Another obstacle that hinders the sale of replacement shocks is the high cost of some of today’s sophisticated electronic dampers (the magnetic type as well as the adjustable variety). Some of these units can cost hundreds of dollars, and may only be available from a new car dealer. On some vehicles, electronic shocks can be replaced with less expensive conventional shocks, or in the case of original equipment air shocks, converted to standard shocks if the original dampers or air compressor have called it quits. These conversion kits are very popular for older luxury cars such as Buicks, Cadillacs and Lincolns with aging air ride suspensions that have gone flat.
Maintaining good ride control across a broad range of driving conditions is important because not only does it improve ride quality but also handling stability and driving safety. By dampening the movements of the suspension, shocks and struts keep the tires in contact with the road surface. This prevents the tires from bouncing and skipping with every bump and dip in the road. Tires that do not stay in contact with the road can’t provide good traction, steering stability or braking friction. Too much tire bounce may even trigger the ABS system unnecessarily when braking.

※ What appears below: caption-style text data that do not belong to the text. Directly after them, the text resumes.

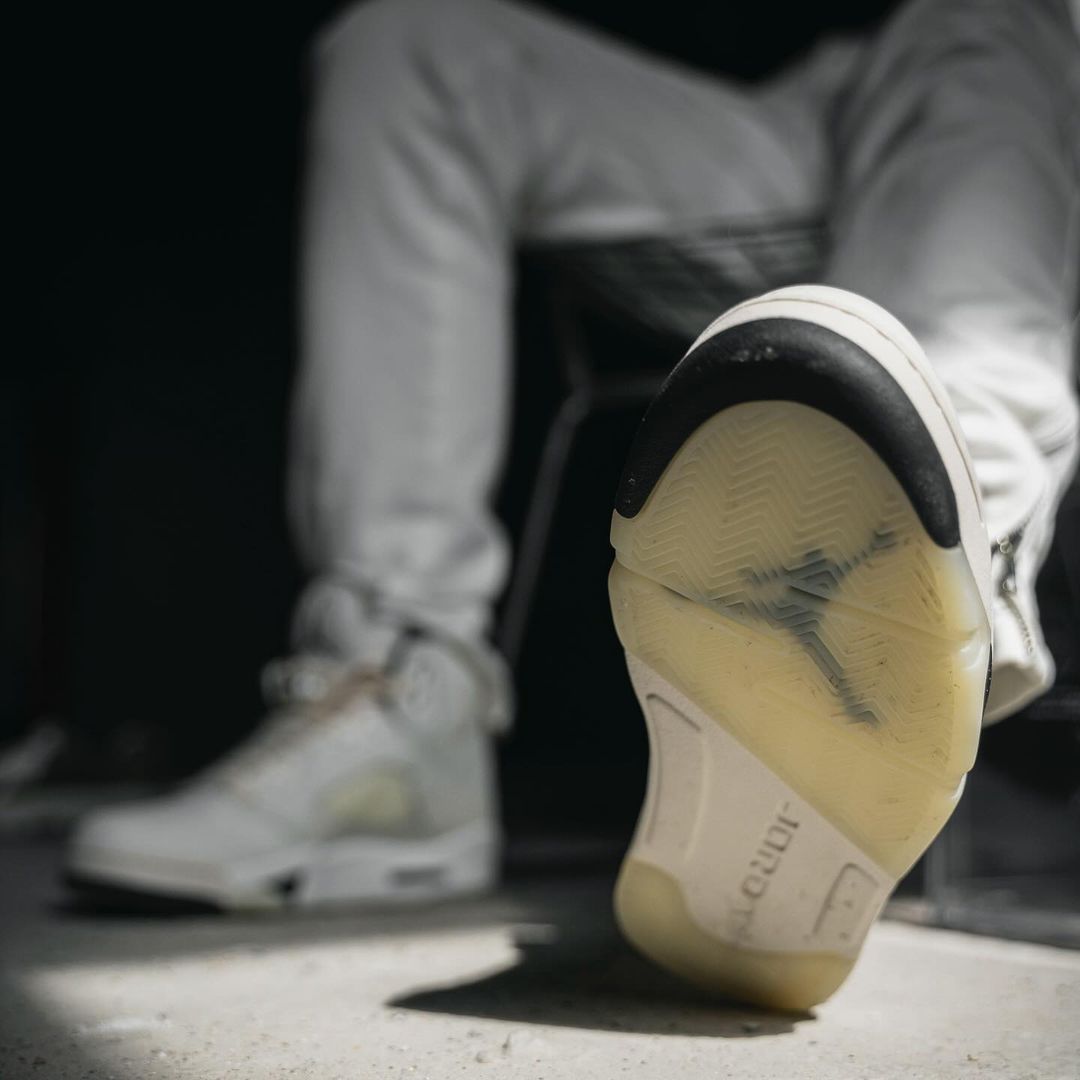 【2024年 8/10 発売】ナイキ エア ジョーダン 5 レトロ “ホワイト/ブラック” (NIKE AIR JORDAN 5 RETRO “White/Black”) [DD0587-110]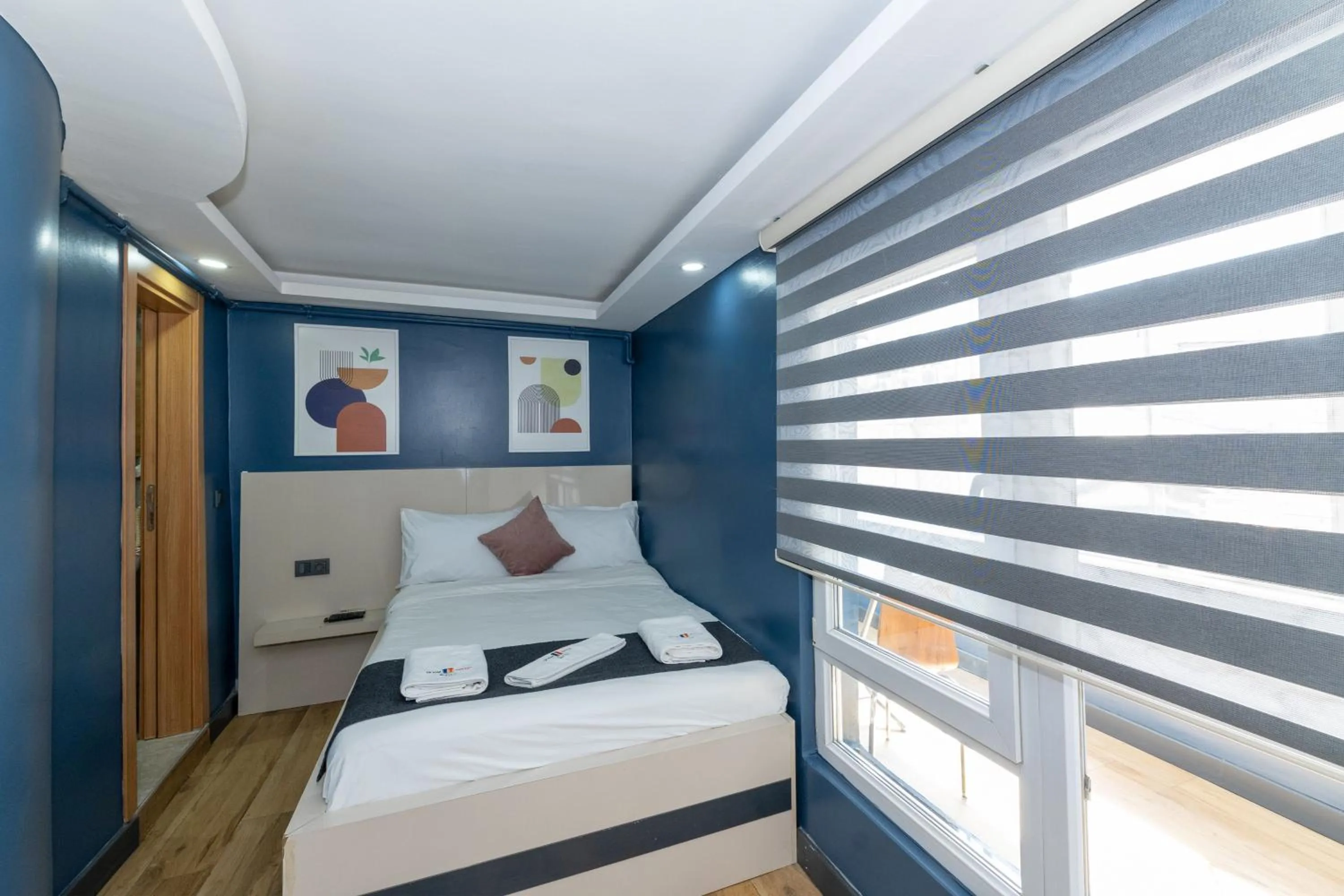 Bed in Taxim Trend Suites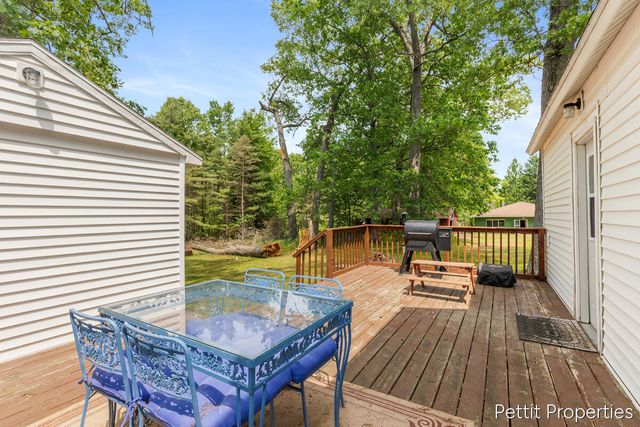 1857 Simonelli Road, Muskegon, MI 49445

The issue of vehicle stability is especially critical with SUVs because of their higher center of gravity. When making sudden steering maneuvers or turning sharply, the body experiences a lot more roll than a typical passenger car. Although most newer SUVs are now equipped with stability control, if the shocks can’t keep the body under control, it may increase the potential for a rollover.
Another reason for replacing shocks (even brand new ones) is to upgrade handling performance. Most shocks and struts today are pressurized with nitrogen gas to minimize foaming and shock fade. This also provides a firmer, more stable ride. In a twin-tube shock, 100 to 150 psi is typically used though some performance twin-tube shocks may contain as much as 250 psi inside.
With monotube shocks and struts, a floating piston separates the gas from the oil. Because of the larger surface area, a much higher gas charge is normally used: typically 360 to 400 psi.
Replacing the original equipment shocks or struts with high-performance aftermarket shocks/struts can improve handing agility. Adjustable dampers are even better because they allow the vehicle owner to dial in the desired firmness they want for changing driving conditions.